There is a great deal to know about visiting Iceland in February, however, and visitors should make sure they are prepared for the weather that can arise this time of year. This is why we’ve created our guides to Iceland in different seasons. Read the full guide to find out everything you need to know about visiting Iceland in February, including:
- Packing for Iceland in February
- Weather in Iceland in February
- Driving in Iceland in February
- Events and Festivals
- Attractions and Activities
Packing for Iceland in February
Icelandic weather can be very temperamental year-round and is known for changing dramatically from day to day, with some people even saying you can experience all of the seasons in a single day! It helps to be prepared when it comes to your clothing, as this is very important in protecting you from the elements.
Due to the somewhat erratic weather of Icelandic winters, the rule of thumb is to back many different layers. This allows you the flexibility of adjusting your wardrobe for the changing weather. Make sure your suitcase includes the following items:
- Waterproof and windproof jacket
- Hat and scarf
- Waterproof and windproof gloves
- Shell layer, ideally windproof and waterproof
- Warm, water-resistant boots (many people opt for hiking boots)
- Thick, breathable socks
Weather in Iceland in February
Again, all throughout the year, the weather in Iceland can be unpredictable. But as a general rule, expect to experience some form of precipitation in February – this could come in the form of snow, sleet or rain, though you’re also likely to experience brilliant spells of sunshine. Storms are also common in February, with some winters experiencing strong blizzards and high winds. The average temperature for February in Iceland is typically somewhere between -2 and 4°C (28 - 39°F). It’s also worth bearing in mind that the days are quite short during Icelandic winters. February is the month when the daylight hours begin to increase, so if you’re visiting in early February, you can expect roughly 7 hours of daylight each day, but by late February there can be up to 11 hours of daylight.

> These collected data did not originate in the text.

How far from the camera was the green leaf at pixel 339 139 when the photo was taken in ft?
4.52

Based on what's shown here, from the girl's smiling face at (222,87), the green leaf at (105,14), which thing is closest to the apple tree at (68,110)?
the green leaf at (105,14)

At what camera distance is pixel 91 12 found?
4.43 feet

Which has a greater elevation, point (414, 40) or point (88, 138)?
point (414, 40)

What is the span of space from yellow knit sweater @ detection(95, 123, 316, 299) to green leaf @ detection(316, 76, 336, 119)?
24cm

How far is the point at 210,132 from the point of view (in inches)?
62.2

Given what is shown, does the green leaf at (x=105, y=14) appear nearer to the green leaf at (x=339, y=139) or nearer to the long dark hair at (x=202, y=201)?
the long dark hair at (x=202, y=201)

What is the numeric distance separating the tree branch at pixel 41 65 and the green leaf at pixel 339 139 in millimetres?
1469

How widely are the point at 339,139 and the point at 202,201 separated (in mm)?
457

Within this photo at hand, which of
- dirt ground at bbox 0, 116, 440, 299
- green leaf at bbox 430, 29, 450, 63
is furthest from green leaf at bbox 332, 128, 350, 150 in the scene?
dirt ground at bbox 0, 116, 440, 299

Depending on where you are in Iceland, the weather and daylight can change slightly. In southern Iceland, the weather is likely to be slightly milder and the days a little longer. Further north or in the highlands, weather is likely to be more severe and the days shorter.

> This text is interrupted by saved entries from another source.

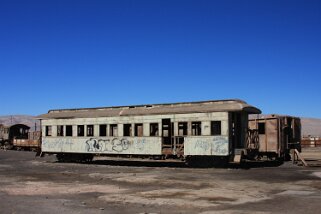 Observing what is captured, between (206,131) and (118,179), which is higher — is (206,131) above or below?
above

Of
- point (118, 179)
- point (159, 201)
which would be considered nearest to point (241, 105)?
point (118, 179)

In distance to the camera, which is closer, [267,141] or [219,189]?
[219,189]

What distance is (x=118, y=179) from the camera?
1719 cm

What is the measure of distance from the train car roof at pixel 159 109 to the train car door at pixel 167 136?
0.86m

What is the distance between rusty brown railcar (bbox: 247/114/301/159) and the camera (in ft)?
84.4

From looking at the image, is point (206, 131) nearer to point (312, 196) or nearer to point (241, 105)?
point (241, 105)

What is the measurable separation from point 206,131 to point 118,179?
6.91 meters

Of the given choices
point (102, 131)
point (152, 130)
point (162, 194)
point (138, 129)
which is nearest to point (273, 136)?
point (152, 130)

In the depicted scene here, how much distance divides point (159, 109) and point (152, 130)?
191 centimetres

Driving in Iceland in February
Driving in Iceland in February requires a good balance of confidence and caution, especially for those who are not familiar with driving in winter conditions. Due to the fact that the weather is so unpredictable in Iceland, it’s always best to prepare for harsh weather, even if it does not occur.

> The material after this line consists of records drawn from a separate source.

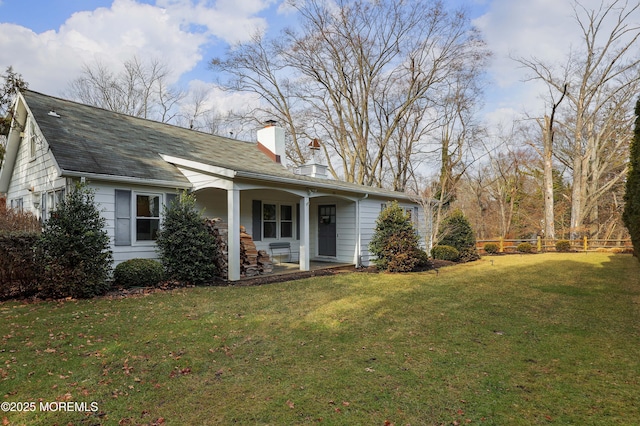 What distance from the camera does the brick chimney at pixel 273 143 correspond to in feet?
52.7

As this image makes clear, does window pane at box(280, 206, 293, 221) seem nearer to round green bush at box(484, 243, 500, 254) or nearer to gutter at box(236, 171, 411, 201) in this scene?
gutter at box(236, 171, 411, 201)

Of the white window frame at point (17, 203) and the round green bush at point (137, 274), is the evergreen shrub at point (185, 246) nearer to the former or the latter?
the round green bush at point (137, 274)

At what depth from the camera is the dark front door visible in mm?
14203

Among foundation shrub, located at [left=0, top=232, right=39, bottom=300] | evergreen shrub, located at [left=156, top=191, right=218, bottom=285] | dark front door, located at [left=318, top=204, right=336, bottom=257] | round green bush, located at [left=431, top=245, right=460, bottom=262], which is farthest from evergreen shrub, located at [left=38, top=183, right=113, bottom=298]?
round green bush, located at [left=431, top=245, right=460, bottom=262]

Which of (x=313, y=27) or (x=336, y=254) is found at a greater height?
(x=313, y=27)

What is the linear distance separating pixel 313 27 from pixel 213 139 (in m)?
12.8

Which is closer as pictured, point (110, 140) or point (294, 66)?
point (110, 140)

Stay on top of the current and forecasted weather conditions by paying attention to the latest weather forecast. This can help you to adequately plan your journey or reschedule if conditions are too harsh. It’s also a great idea to speak to locals when possible – Icelanders are very friendly and willing to offer advice on where you should or shouldn’t drive with the roads may be treacherous.
We’d recommend hiring a 4x4 vehicle when driving in Iceland in February, as this will allow you much more flexibility on where you can drive, especially if snow or ice is forecasted. Even if you are not planning to explore the far north or the F-Roads, it’s best to be prepared. While the Ring Road is maintained throughout the year, harsher conditions can make this more difficult, so it’s best to always be prepared. It’s also advisable to pack some supplies in your
Events and Festivals in February
Icelanders don’t let life slow down during the winter months, and so there are many interesting events and festivals to attend in February.
Winter Lights Festival
Perhaps the most anticipated event of the month is the Winter Lights Festival. This festival occurs in early February in Reykjavik and consists of many stunning light displays projected onto buildings, as well as cultural events and other art installations throughout the city. The festival celebrates the return of longer days that come with the month of February.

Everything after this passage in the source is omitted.